Vous y entrez et vous êtes illico ailleurs embarqué par le metteur en scène Noam Perakis et son formidable équipage. Vous voici dans votre western spaghetti préféré, au fond de la jungle avec vos amis/ennemis les dinosaures jurassiques, à bord du vaisseau Enterprise de "Star Wars" ou sur une bouche de métro au cœur du Manhattan de Marylin Monroe. En 1950, dans les années 1980, dans le futur ou dans la dystopie. "Retour vers Hollywood", ce sont une centaine de références à des tubes du cinéma américain. A peine repris à la mi-novembre, ce spectacle largement réécrit (une première version avait fait salle comble l’an passé) est déjà un tube.
Un festival de citations
"Retour vers Hollywood", ce sont douze tableaux et des dizaines de changements d'ambiance, de décors et de costumes. Des super-héros au romantisme en passant par l'horreur, l'action ou le noir et blanc. Ce sont des sketches en français, scènes de films mythiques, et des chansons en anglais, BO tout aussi mythiques.
C'est aussi et surtout une formidable manière d'accommoder sur un même plateau toute une cinématographie dans un joyeux et très rythmé festival de citations. Ainsi, la bande de l'élève magicien Harry Potter ne cesse de s'embrouiller avec la Communauté de l'anneau chère à Tolkien. Et la salle de bains hitchcockienne de "Psychose" devient quasi hall de gare pour tous les personnages tordus, malfaisants et plus ou moins effrayants des séries B et Z du cinéma d'horreur.
Du divertissement malin
Au-dessus de la scène du Théâtre Barnabé, un orchestre de neuf musiciens rythme ce ballet de quatorze interprètes au taquet (chant, danse, comédie, acrobatie), d'accessoires épatants (du chasseur américain à l'engin volant de "Star Wars" en passant par un T-Rex et la Delorean blanche de "Retour vers le futur". N'oublions pas les projections vidéos bluffantes qui nous font basculer du pont d'un porte-avion au désert du Colorado en passant par Poudlard.
En tout une cinquantaine de personnes ont œuvré pour la bonne marche de cette comédie musicale d'une ambition et d'une qualité rare dans ce pays. On vous parlait d'une machine à téléporter: Servion vous catapulte à Broadway deux petites heures durant.

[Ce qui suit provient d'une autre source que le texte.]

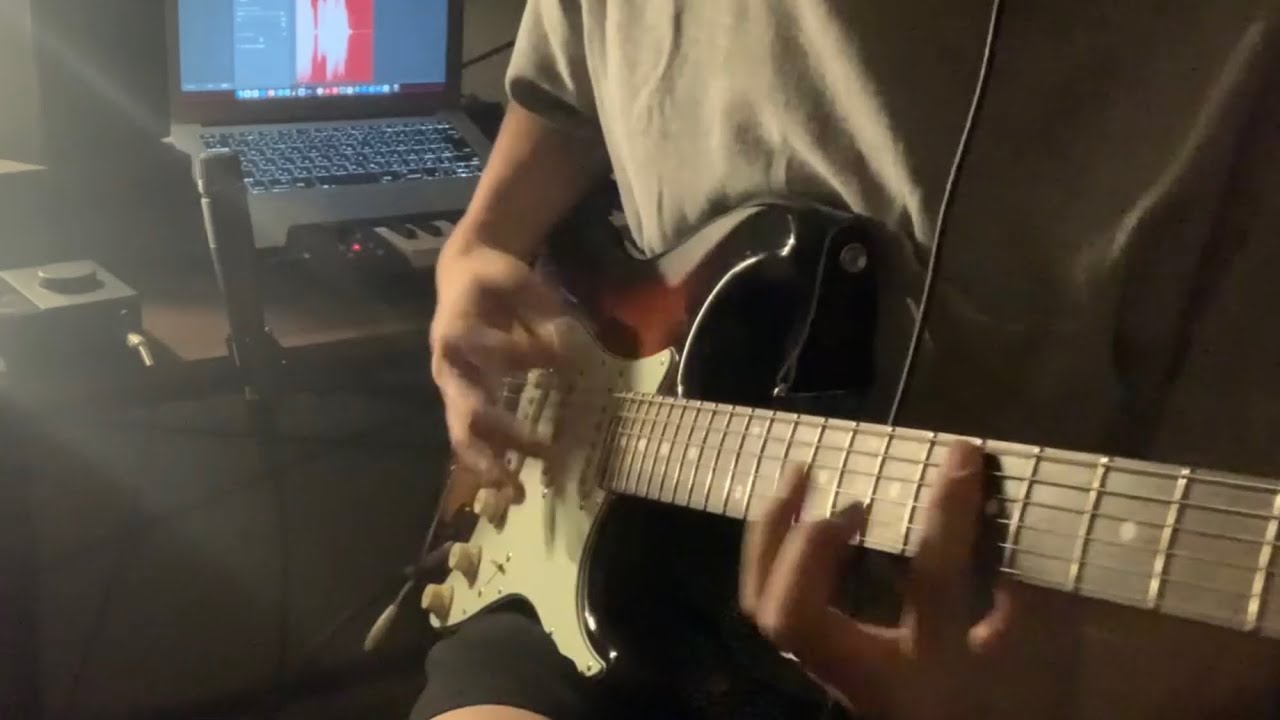 【弾いてみた】dani California【red hot chili peppers】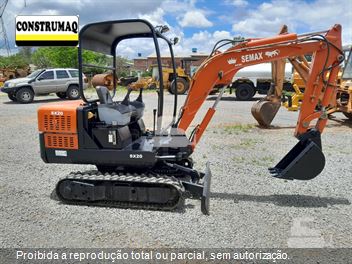 Mini-Escavadeira Semax SX18
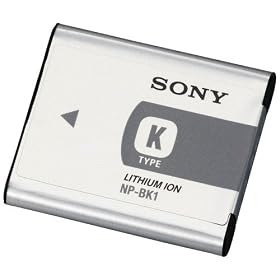 NEW SONY NPBK1 SONY NP-BK1 TYPE K INFOLITHIUM REPLACEMENT BATTERY (CAMCORDER CHARGERS)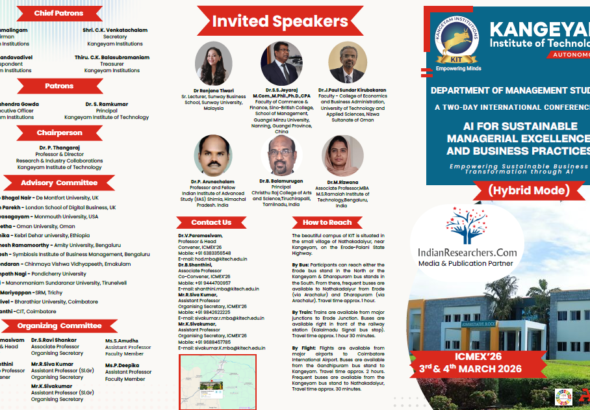 KIT Management Conference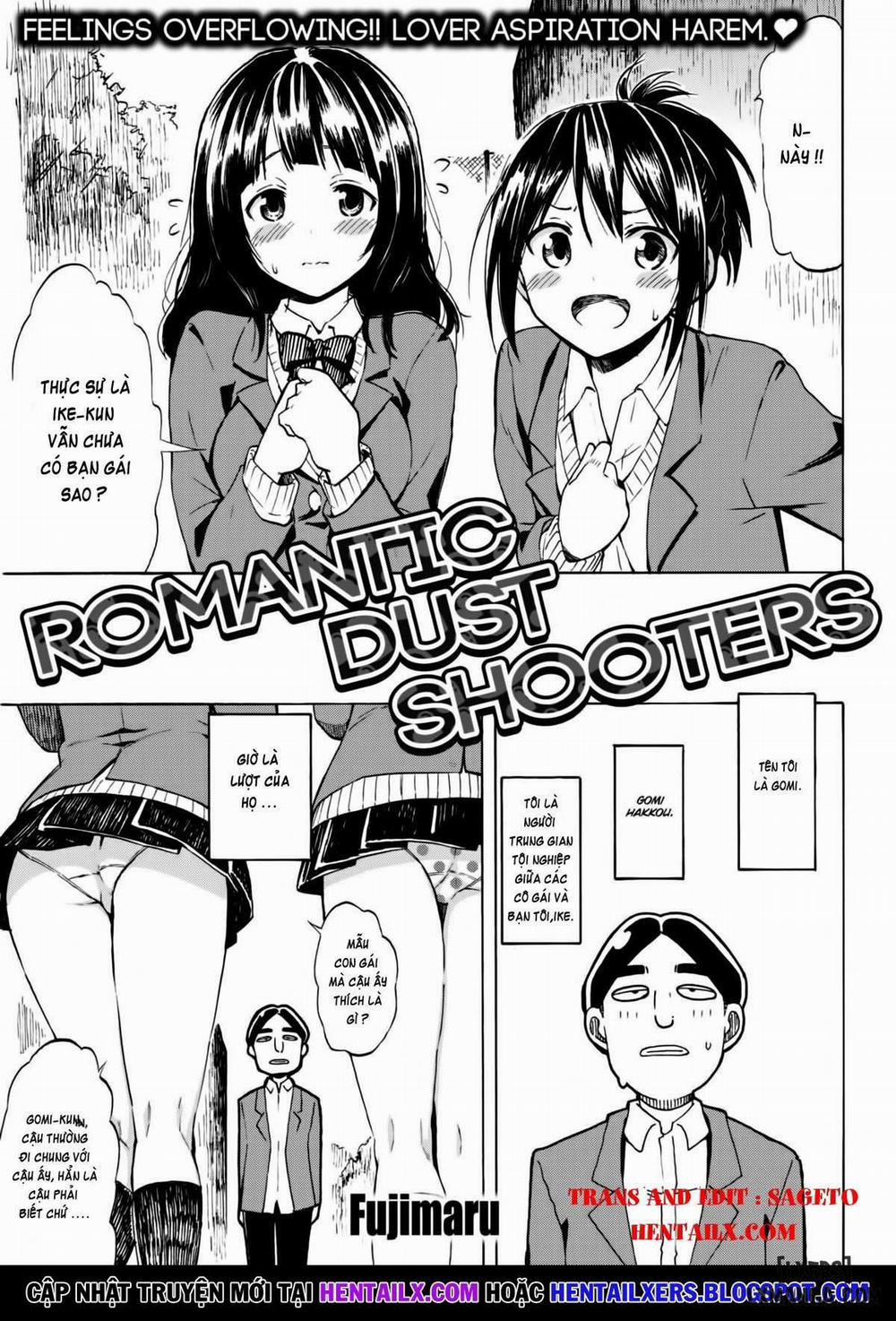 Romantic Dust Shooters Oneshot trang 0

Le petit plus: un sens consommé du second degré et de l'auto-ironie. Oui, l'Indien du western se fera tirer dessus - forcément - par un Kevin Clint Wayne de service. Pas comme le veut la tradition virile et wasp du western classique qui élimine toute trace indigène du paysage en cinémascope. Mais parce que dans "Retour vers Hollywood", on n'aime pas… les comédiens qui font de l'appropriation culturelle. Du divertissement malin qui fait du bien.
Thierry Sartoretti/ld
"Retour vers Hollywood", Café-Théâtre Barnabé, Servion (VD), jusqu'en février 2023.